▶ _What to do_:
Write out exactly the lines of the entries below from the one holding "Balakaka Petit sac" to the one holding "LiKee Open Ended", inclusive, and leave out all other lines.

▶ _Provided data_:
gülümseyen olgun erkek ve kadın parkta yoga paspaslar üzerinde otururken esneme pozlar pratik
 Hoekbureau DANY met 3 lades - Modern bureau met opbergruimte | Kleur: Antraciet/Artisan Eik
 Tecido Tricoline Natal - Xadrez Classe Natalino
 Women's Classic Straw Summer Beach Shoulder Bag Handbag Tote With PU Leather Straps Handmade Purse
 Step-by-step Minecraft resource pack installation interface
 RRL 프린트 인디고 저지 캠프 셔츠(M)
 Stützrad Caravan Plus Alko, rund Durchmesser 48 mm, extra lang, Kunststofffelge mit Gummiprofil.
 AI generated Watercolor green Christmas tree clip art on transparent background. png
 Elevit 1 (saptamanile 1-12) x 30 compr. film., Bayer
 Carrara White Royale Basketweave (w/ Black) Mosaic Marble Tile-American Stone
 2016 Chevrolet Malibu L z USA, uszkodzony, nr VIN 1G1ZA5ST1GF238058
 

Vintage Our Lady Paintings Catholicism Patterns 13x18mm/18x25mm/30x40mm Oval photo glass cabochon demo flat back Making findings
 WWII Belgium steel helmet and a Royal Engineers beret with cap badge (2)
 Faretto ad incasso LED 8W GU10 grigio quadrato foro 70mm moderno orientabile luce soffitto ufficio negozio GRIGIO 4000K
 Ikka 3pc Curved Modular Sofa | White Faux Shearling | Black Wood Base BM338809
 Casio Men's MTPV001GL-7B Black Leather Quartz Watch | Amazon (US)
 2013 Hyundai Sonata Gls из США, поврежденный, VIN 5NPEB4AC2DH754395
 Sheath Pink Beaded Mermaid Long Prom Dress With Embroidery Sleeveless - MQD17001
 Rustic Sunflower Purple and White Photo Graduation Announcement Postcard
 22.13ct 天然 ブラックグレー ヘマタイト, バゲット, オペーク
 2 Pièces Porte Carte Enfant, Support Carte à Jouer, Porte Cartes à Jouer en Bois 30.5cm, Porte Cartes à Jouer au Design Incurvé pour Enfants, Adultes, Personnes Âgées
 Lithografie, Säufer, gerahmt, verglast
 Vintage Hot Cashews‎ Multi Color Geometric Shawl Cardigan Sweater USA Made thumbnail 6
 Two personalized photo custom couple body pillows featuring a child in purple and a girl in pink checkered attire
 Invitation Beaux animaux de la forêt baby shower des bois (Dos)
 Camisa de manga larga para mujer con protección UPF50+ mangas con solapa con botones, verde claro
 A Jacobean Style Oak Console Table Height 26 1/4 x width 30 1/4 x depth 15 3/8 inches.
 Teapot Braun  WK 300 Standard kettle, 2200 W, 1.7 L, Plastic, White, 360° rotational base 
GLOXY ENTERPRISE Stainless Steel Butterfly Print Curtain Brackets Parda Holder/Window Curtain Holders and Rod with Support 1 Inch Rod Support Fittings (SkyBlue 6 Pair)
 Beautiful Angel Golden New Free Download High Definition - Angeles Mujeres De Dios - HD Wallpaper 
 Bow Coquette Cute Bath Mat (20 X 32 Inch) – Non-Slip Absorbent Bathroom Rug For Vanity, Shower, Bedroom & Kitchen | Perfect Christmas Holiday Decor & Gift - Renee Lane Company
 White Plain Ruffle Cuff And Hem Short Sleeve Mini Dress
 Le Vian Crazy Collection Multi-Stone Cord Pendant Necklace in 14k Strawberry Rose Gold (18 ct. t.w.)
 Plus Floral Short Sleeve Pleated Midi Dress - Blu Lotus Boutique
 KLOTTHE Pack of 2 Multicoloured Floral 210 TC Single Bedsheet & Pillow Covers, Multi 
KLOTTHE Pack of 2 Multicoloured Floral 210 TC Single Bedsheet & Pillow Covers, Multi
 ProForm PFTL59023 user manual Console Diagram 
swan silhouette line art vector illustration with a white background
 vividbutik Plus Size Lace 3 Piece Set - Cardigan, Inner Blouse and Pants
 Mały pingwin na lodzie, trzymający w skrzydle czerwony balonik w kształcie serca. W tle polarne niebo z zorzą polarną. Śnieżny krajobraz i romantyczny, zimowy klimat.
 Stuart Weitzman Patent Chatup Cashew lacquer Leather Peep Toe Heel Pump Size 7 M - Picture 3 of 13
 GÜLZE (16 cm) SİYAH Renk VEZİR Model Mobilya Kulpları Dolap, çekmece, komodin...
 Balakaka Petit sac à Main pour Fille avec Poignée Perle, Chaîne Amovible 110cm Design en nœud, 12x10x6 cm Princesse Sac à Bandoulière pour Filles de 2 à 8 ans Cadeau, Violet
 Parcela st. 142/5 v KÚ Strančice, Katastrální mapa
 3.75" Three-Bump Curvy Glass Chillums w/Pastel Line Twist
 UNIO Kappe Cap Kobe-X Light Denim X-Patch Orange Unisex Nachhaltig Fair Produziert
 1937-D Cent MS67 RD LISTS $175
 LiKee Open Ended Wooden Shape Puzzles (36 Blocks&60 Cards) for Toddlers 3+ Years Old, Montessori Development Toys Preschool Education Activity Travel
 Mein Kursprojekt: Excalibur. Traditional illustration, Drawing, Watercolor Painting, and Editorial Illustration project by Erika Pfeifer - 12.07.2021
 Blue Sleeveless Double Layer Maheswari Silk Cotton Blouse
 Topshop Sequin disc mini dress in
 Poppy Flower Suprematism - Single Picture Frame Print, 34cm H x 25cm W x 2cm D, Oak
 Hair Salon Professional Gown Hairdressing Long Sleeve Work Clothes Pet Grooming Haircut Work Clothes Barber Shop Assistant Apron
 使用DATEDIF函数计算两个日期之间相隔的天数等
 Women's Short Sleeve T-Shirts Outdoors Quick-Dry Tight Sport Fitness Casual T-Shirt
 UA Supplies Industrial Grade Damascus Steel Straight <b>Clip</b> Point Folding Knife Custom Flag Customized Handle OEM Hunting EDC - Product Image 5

▶ _Response_:
 Balakaka Petit sac à Main pour Fille avec Poignée Perle, Chaîne Amovible 110cm Design en nœud, 12x10x6 cm Princesse Sac à Bandoulière pour Filles de 2 à 8 ans Cadeau, Violet
 Parcela st. 142/5 v KÚ Strančice, Katastrální mapa
 3.75" Three-Bump Curvy Glass Chillums w/Pastel Line Twist
 UNIO Kappe Cap Kobe-X Light Denim X-Patch Orange Unisex Nachhaltig Fair Produziert
 1937-D Cent MS67 RD LISTS $175
 LiKee Open Ended Wooden Shape Puzzles (36 Blocks&60 Cards) for Toddlers 3+ Years Old, Montessori Development Toys Preschool Education Activity Travel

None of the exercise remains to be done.